Summer 2008 RLM 11.176 MTWTHF 10:00 - 11:30 a.m. July 14, 2008 - August 18, 2008
fee: $33.99
CONSENT OF INSTRUCTOR MUST BE OBTAINED. COURSE NUMBER MAY BE REPEATED FOR CREDIT WHEN THE TOPICS VARY. SAME AS CAM 394C.
Course Description. A course in modern computationally-intensive statistical methods including simulation, optimization methods, Monte Carlo integration, maximum likelihood / EM parameter estimation, Markov chain Monte Carlo methods, resampling methods, non-parametric density estimation. Prerequisite: Graduate Standing and Mathematics 362K and 378K, or consent of instructor.
We will use the statistics package R and Mathematica. It is not necessary for students to purchase Mathematica because students can use it in the computer labs in the math department. The program R is a free program so I expect that all students will download it to use.
I will provide explanations of how to use these programs.
The grading in the course will be based on homework assignments and two take-home exams. Students may collaborate on the homework assignments, but the take-home exams must be done individually.

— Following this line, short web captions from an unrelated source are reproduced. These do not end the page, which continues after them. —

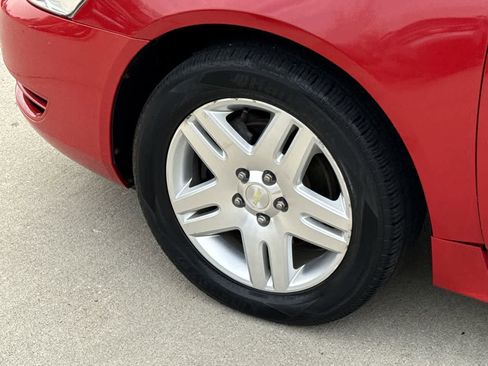 Used 2012 Chevrolet Impala LT w/ LT Sunroof Package image 11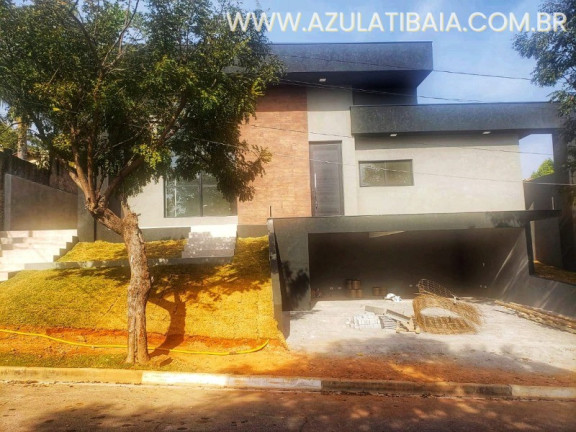 Imagem Casa com 3 Quartos à Venda, 218 m² em Condominio Residencial Shamballa - Atibaia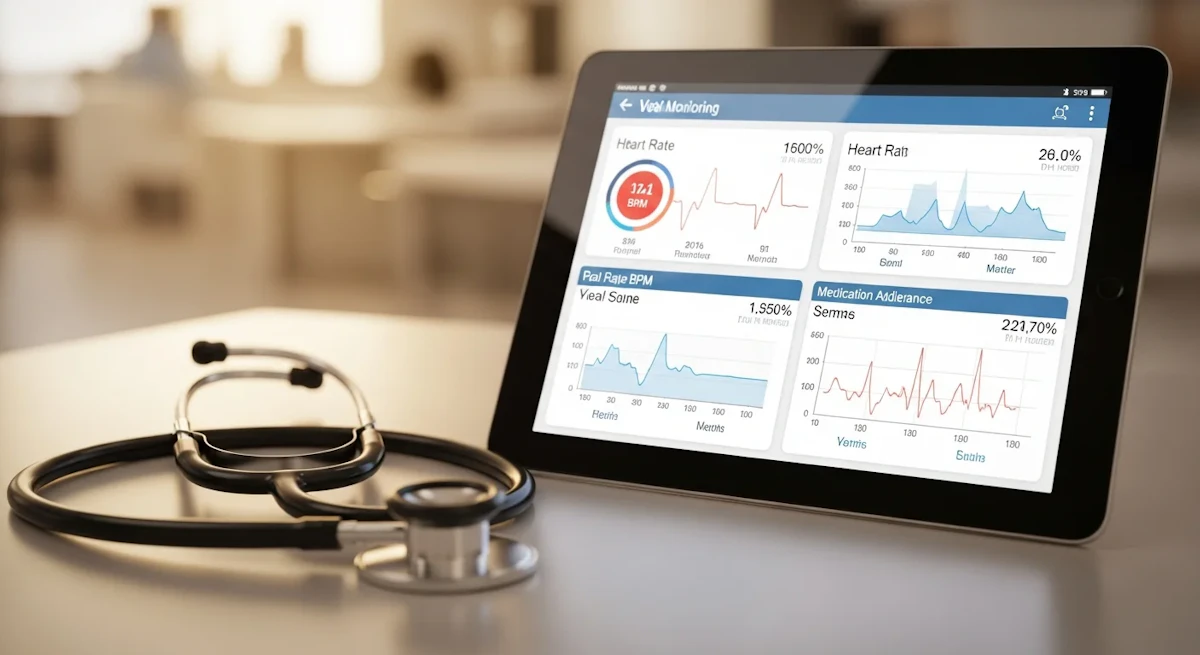 Medicareが初のAIエージェント報酬枠を創設、診察間モニタリングに公的支払いが実現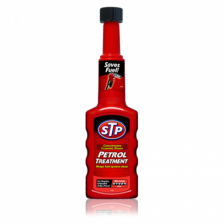 Polttoaineen lisäaine STP PETROL TREATMENT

Textbook: Computational Statistics by Geof H. Givens and Jennifer A.Hoeting, Wiley, 2005. Textbook website with a link to Amazon and Wiley with purchase information. The textbook will be available in the PMA (RLM) library on reserve for this course (2-hour reserve) beginning about July 9. The textbook website above has the table of contents and Preface as well as other useful information.
I will make various additional materials available for the coure through Blackboard. Several other relevant books will also be available on reserve in the library.
If you read the Preface of the textbook, you will see that the authors assume familiarity with several statistical techniques that are beyond the level of the prerequisite for this course. We will not cover chapters that use all of these, and for those we do cover, I expect to teach those statistical topics as well as the computational topics. In particular, students should already be familiar with maximum likelihood estimation and regression. Other topics will be introduced in the course as needed.
There is a suggestion in the Preface for the chapters/topics to be covered in a one-semester course. This seems too ambitious to me for this particular class, so I believe we will follow a "more leisurely pace" as they say in the Preface. It will be a small class and it will be a discussion / lecture class more than mainly a lecture class.